I’ve pondered this maxim over the course of my tenure as a CEO. My conclusion is that if someone else can do it, get them to do it. Hire the best people, passionate about the mission, to accomplish the goals detailed in the strategy. As CEO, my job is to get the mission accomplished. This means not doing the things others can do. I must however be capable to do anything required by the mission.
Recently, the process of letting go of a must “do” professional lens has led to a must “be” approach. I’m learning that my job is to embody the mission, making its achievement a central aspect of my very character. “A community free of hunger and homelessness” is not what I’m doing, it is who I am being. I must be the CEO who empowers others to not simply do what I cannot do, but be who we must be.
For the members of our team reading this, I want us to be the vision we seek, namely, a community free of hunger and homelessness. Every day, your commitment to the work at hand comes through in the attitude, presence, and ownership of our shared mission. Keep inspiring me!
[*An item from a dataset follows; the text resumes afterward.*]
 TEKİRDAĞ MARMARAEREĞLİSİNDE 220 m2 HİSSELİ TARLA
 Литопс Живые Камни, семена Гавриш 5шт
As Results Based Accountability guru, Mark Friedman, implores of his readers of the internationally acclaimed 10th edition organizational behavior treatise, Trying Hard is not Good Enough: it is not enough to simply know what you do or how much of and how well you do it…you must know the difference you make.
This vocational cum existential quandary is where I’d like to update my mentor’s guidance – the CEO must not simply do what no one else can do, the CEO must be who no one else can be. And that is the hardest part of being CEO.